Création collective de la Compagnie Ex Machina, mise en scène de Robert Lepage, avec Sylvio Arriola, Carole Faisant, Nuria Garcia, Tony Guilfoyle, Martin Haberstroh, Robert Lepage, Sophie Martin et Roberto Mori.
Avec "Jeux de cartes 1 : Pique", la Compagnie Ex Machina et son mentor, l'auteur dramatique, acteur, metteur en scène, scénographe et cinéaste québécois à la notoriété internationale Robert Lepage, propose le premier volet d’une tétralogie cosmogonique organisée autour du symbolisme combinatoire du jeu de cartes et de la circularité du théâtre en rond.
"Pique", présenté comme une exploration de l’univers de la guerre, ressortit au feuilleton télévisé tant en ce qui concerne l'écriture et la structure, des tableaux souvent réduits à des micro-scènes voire de simples vignettes visuelles, que le découpage scénique et la mise en scène qui évoque l'écriture filmique lelouchienne.
Dans un casino-palace de Las Vegas, se croisent une myriade de personnages, personnages participant du mythe américain, tels Elvis Presley ressuscité en officiant matrimonial, Dick le bien nommé cowboy, le chaman mais aussi la femme de chambre latino clandestine ou le sergent sadique, et personnages archétypaux dont les points communs tiennent à la solitude, au mal être et à la vacuité.

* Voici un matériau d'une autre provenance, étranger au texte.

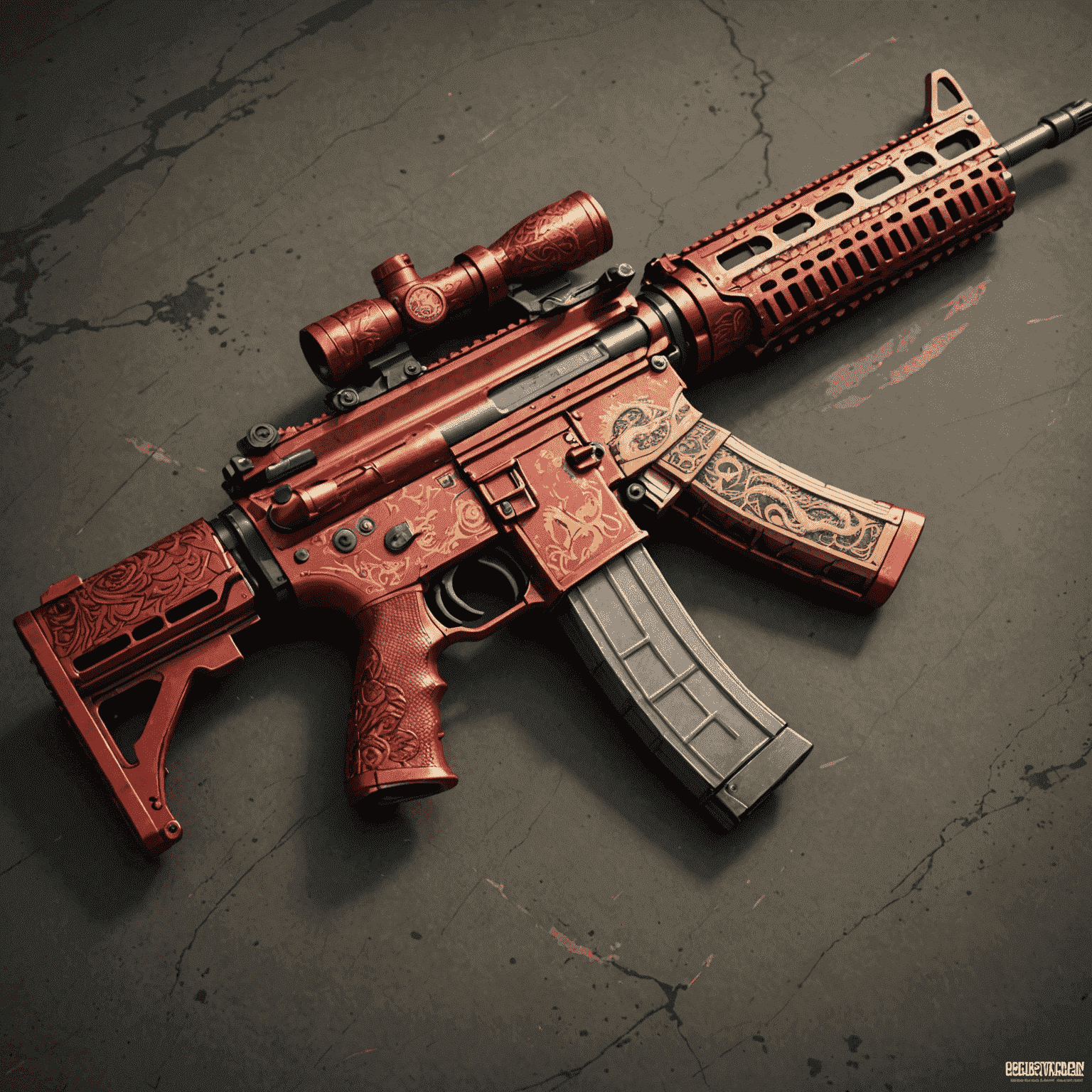 An M4A4 skin with an intricate dragon design, painted in vibrant red and gold colors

Fragment d'histoires pour les figures de passage et histoire par épisodes pour les personnages récurrents que sont un couple de jeunes mariés québécois, la femme de chambre, un soldat d'origine nordique et un producteur de télévision, joueur addictif, traqué par ses créanciers, sont utilisées de manière iconographique comme des scènes-types convenues, le casino, le bar, la piscine, le désert, souvent à l'intérêt dramatique subliminal.
Bien évidemment, s'y retrouvent les dogmes du théâtre lepagien qui tiennent au "langage scénique visuel, sonore, musical et accessoirement textuel" : de superbes images sculptées par les lumières saturées des éclairages verticaux conçus par Louis-Xavier Gagnon-Lebrun, une bande-son confectionnée par Jean-Sébastien Côté dont les musiques illustratives et les effets sonores font office de didascalies et une éthique écriture de plateau.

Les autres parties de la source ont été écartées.